Deconstructing Generative Diversity: An Information Bottleneck Analysis of Discrete Latent Generative Models
Yudi Wu, Wenhao Zhao, Dianbo Liu
TL;DR
The paper addresses why discrete latent generative models exhibit varying levels of diversity by introducing an information-theoretic framework based on the Information Bottleneck. It decomposes diversity into path diversity and execution diversity and offers three zero-shot probes to diagnose how models allocate compression and diversity pressures. Applying the framework to autoregressive, masked image, and diffusion-based discrete models reveals three archetypes—diversity-prioritized, compression-prioritized, and decoupled—and demonstrates how inference-time perturbations clarify their mechanisms. The work also proposes a practical diversity-enhancement strategy that modulates prompts and codebooks at inference time, enabling tunable diversity without retraining.
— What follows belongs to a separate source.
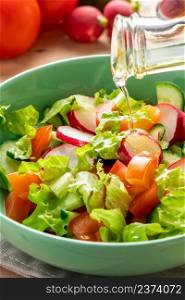 Fresh vegetable salad with olive oil in ceramic bowl on a wooden background. Seasonal summer dish of tomatoes, cucumbers and radishes.. Fresh vegetable salad with olive oil in ceramic bowl on wooden background. Seasonal summer dish of tomatoes, cucumbers and radishes.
Overall, the approach provides a principled, diagnostic pathway to understand and control generative diversity in discrete latent models.
Abstract
Generative diversity varies significantly across discrete latent generative models such as AR, MIM, and Diffusion. We propose a diagnostic framework, grounded in Information Bottleneck (IB) theory, to analyze the underlying strategies resolving this behavior. The framework models generation as a conflict between a 'Compression Pressure' - a drive to minimize overall codebook entropy - and a 'Diversity Pressure' - a drive to maximize conditional entropy given an input. We further decompose this diversity into two primary sources: 'Path Diversity', representing the choice of high-level generative strategies, and 'Execution Diversity', the randomness in executing a chosen strategy. To make this decomposition operational, we introduce three zero-shot, inference-time interventions that directly perturb the latent generative process and reveal how models allocate and express diversity. Application of this probe-based framework to representative AR, MIM, and Diffusion systems reveals three distinct strategies: "Diversity-Prioritized" (MIM), "Compression-Prioritized" (AR), and "Decoupled" (Diffusion). Our analysis provides a principled explanation for their behavioral differences and informs a novel inference-time diversity enhancement technique.